If nuclear war had happened in 1980 or later instead of 1962, would it lead to a full-blown Ice Age due to the greater number of targets and greater accuracy in hitting those targets (creating more dust)?
I'm not a climate scientist, so I would defer to more informed opinions but I think it is clear that there would be a climate effect of cooling but the intensity and duration of that effect is an open question at least in my own mind. By the 1980s, though, perhaps the bigger question is whether there would be many people around to care. Europe, North America, the Soviet Union, Eastern Asia and China would be devastated. A nuclear war in 1962 would have been bad. By 1980, it became unthinkable. If anyone was around to care, a cooling climate effect would complicate recovery by creating a harsher climate and by making the growing season shorter. If you look at that map, by the way, the most irradiated parts of the US happen to coincide with some of the best farm land in the world. Those who didn't die in the blasts or from the fallout would face a very difficult food situation very quickly. And those in other parts of the world dependent upon food imports who may not have been directly affected by the nuclear blasts and fallout would feel the impact rather quickly. And climate change, even temporary, would make that worse.

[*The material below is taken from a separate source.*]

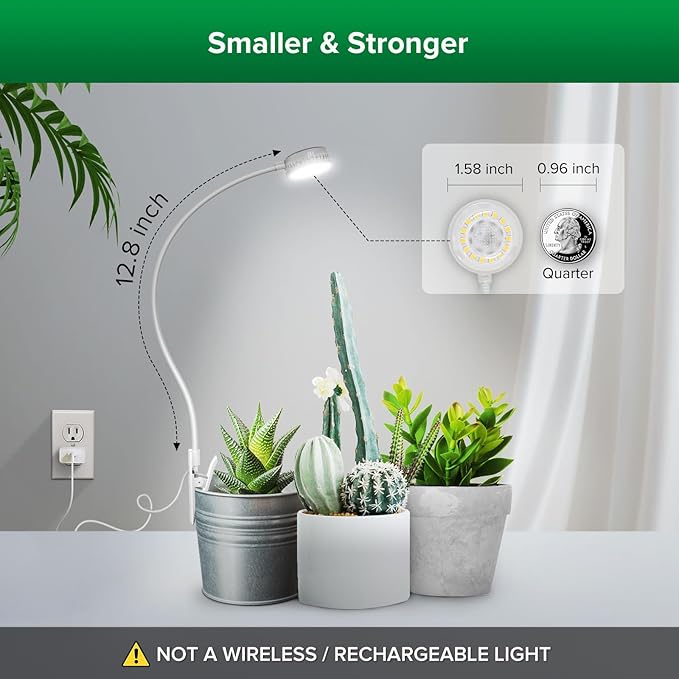 SANSI 3-Pack Pot Clip Grow Lights for Indoor Plants, Full Spectrum Dimmable Plant Light with Timer, ETL Listed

While I don't think nuclear war even in the 1980s would have killed off humanity, it would have been a mass extinction event reducing the human population from billions to millions, with the survivors facing a long road back to an industrial civilization. And a cooling of the climate would have played a role in that, whether it lasted a few years or turned into something longer.
Fortunately, we didn't blow up the world, so we can look back on this 30 years later and discuss it! But it was certainly an odd era in which to grow up and contemplate such questions.